World leaders have condemned fatal stabbings in the French city of Nice on Thursday, October 29, 2020, that France called an Islamist terrorist attack.
Condemnation came from US President Donald Trump, UN chief Antonio Guterres, as well as European, Arab and Israeli leaders.
“Our hearts are with the people of France. America stands with our oldest Ally in this fight,” Trump tweeted. “These Radical Islamic terrorist attacks must stop immediately. No country, France or otherwise can long put up with it!”
One of the first to condemn was Turkey, embroiled in a row with France over the publication of cartoons of the Prophet Mohammed that have triggered a wave of attacks against French people.
“We strongly condemn the attack committed today inside the Notre-Dame church in Nice,” a Turkish foreign ministry statement said.
It expressed solidarity with France, and offered condolences to relatives of the three people killed in the attack.
Iran’s Foreign Minister Mohammad Javad Zarif also condemned the attack, while adding that “peace cannot be achieved with ugly provocation”.
Elsewhere in the Middle East, Arab and Islamic leaders drew a clear distinction between their religion and violent acts that claimed to defend it.
Egypt’s foreign ministry said it “stands as a government and people with France in combating this hateful incident”.
Qatar voiced strong condemnation and reiterated its rejection of violence and terrorism, especially against places of worship and regardless of the motives.
Lebanese prime minister-designate Saad Hariri urged Muslims “to reject this criminal act that has nothing to do with Islam or the Prophet”.
Australian Prime Minister Scott Morrison slammed the killing as “an attack on liberty. When we think of France, we think of liberty. And we stand with the people of France.”
European Union leaders also quickly expressed solidarity with France, and pledged to confront “those that seek to incite and spread hatred”.
“I condemn the odious and brutal attack that has just taken place in Nice and I am with France with all my heart,” European Commission president Ursula von der Leyen tweeted.
“We will remain united and determined in the face of barbarity and fanaticism.”
German Chancellor Angela Merkel was “deeply shaken by the brutal murders” and said “my thoughts are with the relatives of those murdered and injured. Germany stands with France at this difficult time.”
In a statement issued later by EU Council chief Charles Michel, the 27 leaders expressed solidarity with France but made no reference to the controversy over cartoons mocking the Prophet Mohammed.
Italian Prime Minister Giuseppe Conte condemned a “cowardly attack” and said: “Our convictions are stronger than fanaticism, hatred and terror. We embrace the families of the victims and our French brothers. We are united!”
Spanish counterpart Pedro Sanchez added: “We continue to defend freedom, our democratic values, peace and the security of our citizens.”
A harder tone however came from Hungary, where populist Prime Minister Viktor Orban wrote that the attack showed clearly “that our culture, our way of life and our European values are in the crosshairs of extremist terrorism.
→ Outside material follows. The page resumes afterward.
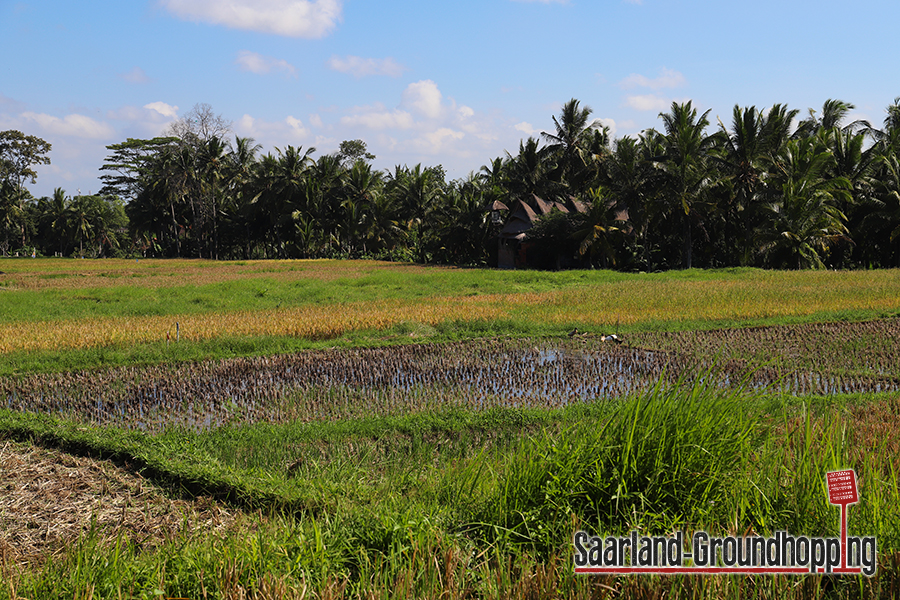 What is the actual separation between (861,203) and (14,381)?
31743mm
“We are ready to join forces in order to protect traditional European values and the traditional European way of life,” Orban added.
Austrian Chancellor Sebastian Kurz, who previously governed with far-right ministers, called the murders in Nice “a despicable Islamist terror attack”.
“We will defend our values and European ‘way of life’ with all our might against Islamists and political Islam,” Kurz said.
Indian premier Narendra Modi, a Hindu nationalist, strongly condemned the “heinous attack in Nice” and added that his country also “stands with France in the fight against terrorism.”
British Prime Minister Boris Johnson was “appalled” at the “barbaric attack at the Notre-Dame Basilica,” he tweeted in English and French.
“Our thoughts are with the victims and their families, and the UK stands steadfastly with France against terror and intolerance.”
Pope Francis prayed for the victims as the Vatican said that “terrorism and violence can never be accepted.
“Today’s attack has sown death in a place of love and consolation,” Vatican spokesman Matteo Bruni said.
The pontiff urged people in France, a multi-cultural society, to “unite to combat evil with good”.
During talks with the Italian foreign minister, Israeli President Reuven Rivlin warned: “The attempt to foment war between religions is inconceivable.
“There is no war between Christianity and Islam, or between Judaism and Islam and we must be sure that no one is allowed to make that happen.”